Le GARR, une ONG haïtienne, a dénoncé le fait que les Haïtiens sont soumis à une « campagne de persécution » de la part des autorités dominicaines, qu’il a accusées d’avoir commis « de nombreuses violations des droits de l’homme ».
Plusieurs migrants sont arrivés en Haïti « avec des signes évidents qu’ils ont subi des violences physiques » et beaucoup d’entre eux ont signalé qu’ils étaient détenus à leur domicile ou dans leur travail, auxquels les agents de l’immigration ont eu accès sans autorisation judiciaire.
Parmi les personnes expulsées figurait une femme enceinte de huit mois qui a témoigné avoir été « brutalement battue et giflée à plusieurs reprises » au moment de sa détention et a ensuite été détenue pendant trois jours avant d’être envoyée à la frontière.
La semaine dernière, les autorités de la République dominicaine ont lancé une vaste opération contre les immigrants sans papiers à Ciudad Juan Bosch, une nouvelle ville construite en l’honneur de l’ancien président dominicain Juan Bosh où vivent de nombreux haïtiens.
Le 18 mai, un groupe d’Haïtiens a jeté des pierres contre des agents des migrations et, un jour plus tard, la Direction générale des migrations (DGM) a répondu par l’arrestation de 385 Haïtiens dans ce secteur.
L’opération s’est poursuivie ces derniers jours et, selon des militants, il y a eu des arrestations arbitraires de détenteurs de statut de résidents et d’autres disposant de visa et d’un permis de séjour.
Plusieurs organisations, dont le Centre pour le développement durable (CEDESO) et le Centre pour l’observation des migrations et le développement social dans les Caraïbes (OBMICA) ont condamné les opérations vendredi, considérant qu’il s’agissait de « violations des garanties d’une procédure régulière dans le domaine des expulsions ».
« Le déploiement disproportionné de la police et de l’armée » effectué par la DGM « a conduit à la persécution et à l’emprisonnement de centaines de migrants » dans des opérations « qui violent les procédures établies dans la Constitution dominicaine, la loi générale sur les migrations et les accords internationaux », indique un communiqué conjoint de ces organisations.
Le porte-parole de l’association des Haïtiens résidents à la ciudad Juan Bosh, Méthélus Estimé a critique jeudi dans une interview a RHINEWS, ‘‘le comportement des représentants d’Haïti à Saint-Domingue qui, a-t-il dit, sont informés de la situation, mais se sont abstenus de porter assistance aux haïtiens victimes ».
Il a dénoncé également le silence du gouvernement haïtien sur cette situation où des ressortissants haïtiens sont difficultés et ne bénéficient d’aucune assistance des autorités de leur pays.

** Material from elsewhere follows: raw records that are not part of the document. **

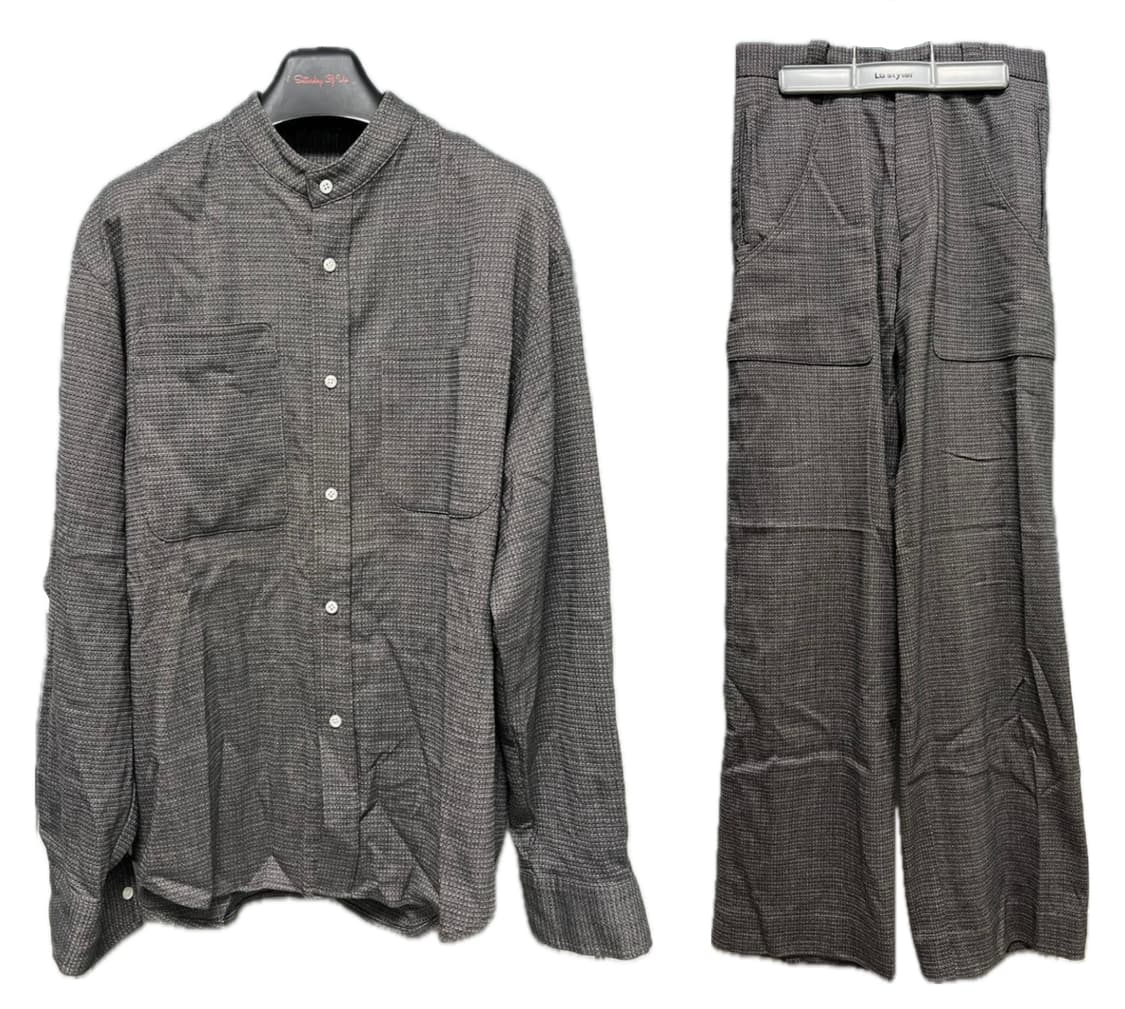 [샘플 셋업] STU 차이나 셔츠 + 팬츠 STU OFFICE 상품이미지1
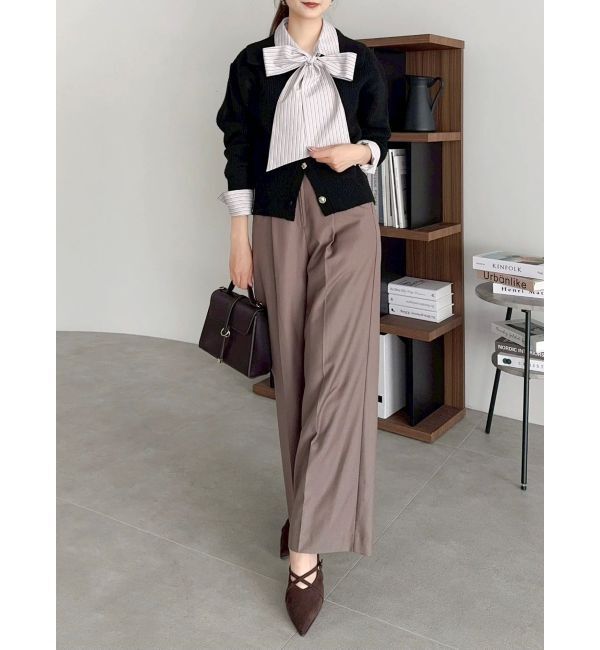 dazzlin「ビックカラーカーデ」|カーディガン|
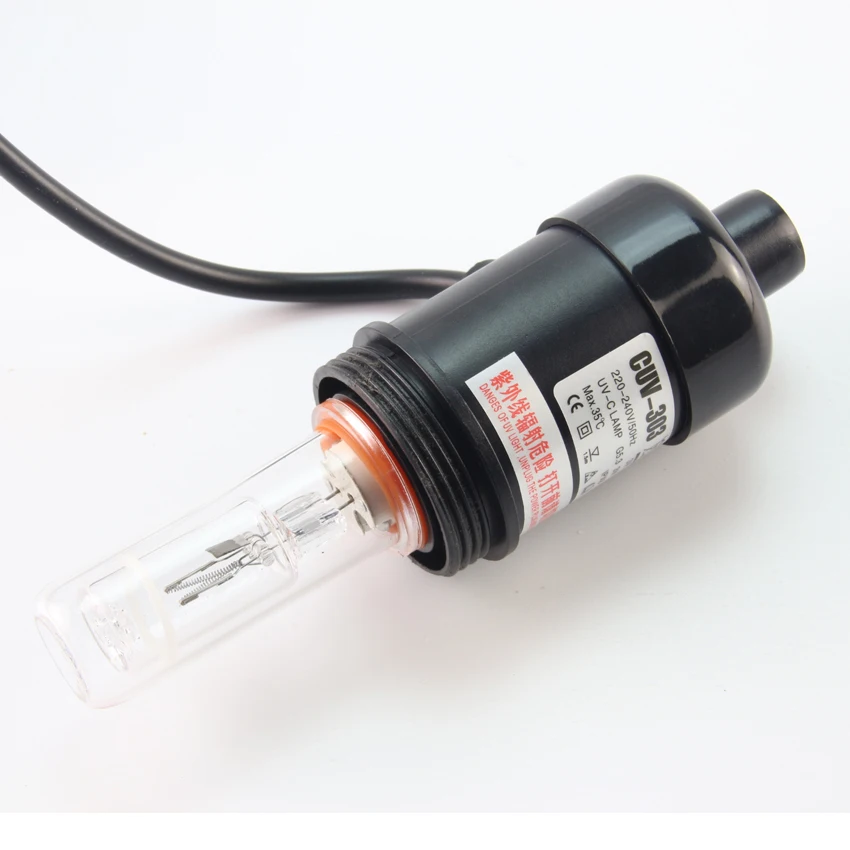 Sunsun Aquarium UV light aquarium ultraviolet light disinfection light sea water general green algae lights 220V CUV-303/CUV-510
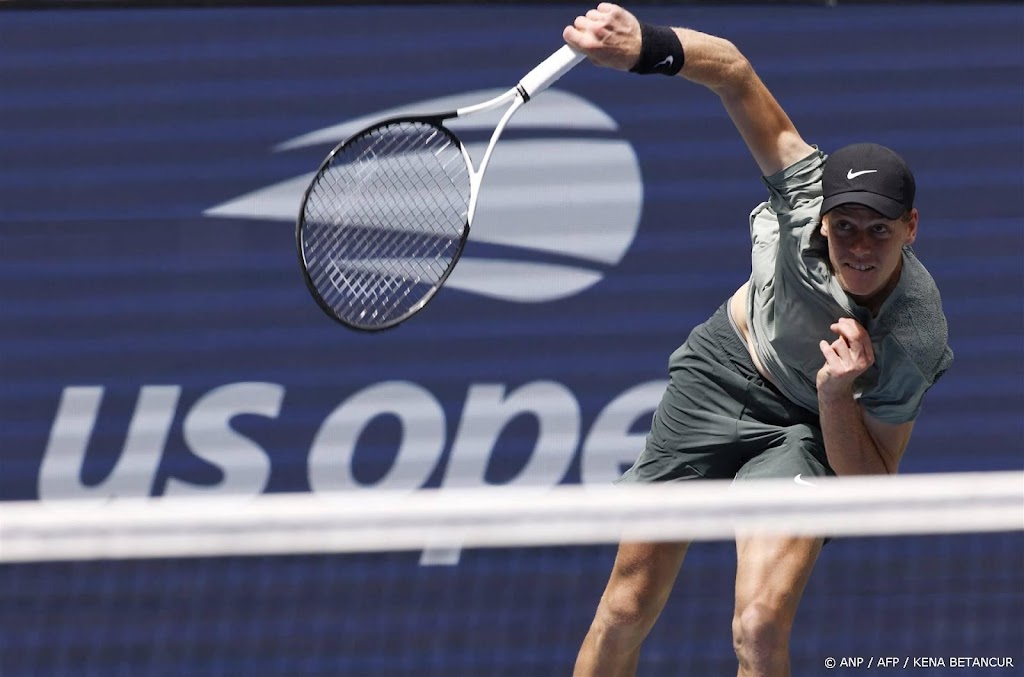 Tennisser Sinner probleemloos naar derde ronde van US Open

« Nous n’avons aucun recours légal face à ce qui semble à une conspiration. Tout ce que nous pouvons faire, c’est de solliciter la solidarité internationale en vue de protéger nos droits », a déclaré Estimé.
Roudy Joseph, défenseur des droits humains, s’est plaint aussi du silence des autorités haitiennes sur ce dossier crucial.
« Personne ne nous assiste dans nos difficultés. Personne au niveau du gouvernement d’Haïti ou de l’ambassade d’Haïti en République Dominicaine ne dit mot. Nous sommes livrés à notre triste sort, nous comptons sur Dieu pour nous aider dans cette traversée du désert », a déclaré, désemparé, Roudy Joseph qui a souligné qu’à part les groupes racistes, il n’y pratiquement pas un problème profond de cohabitation entre le peuple dominicain et les haïtiens.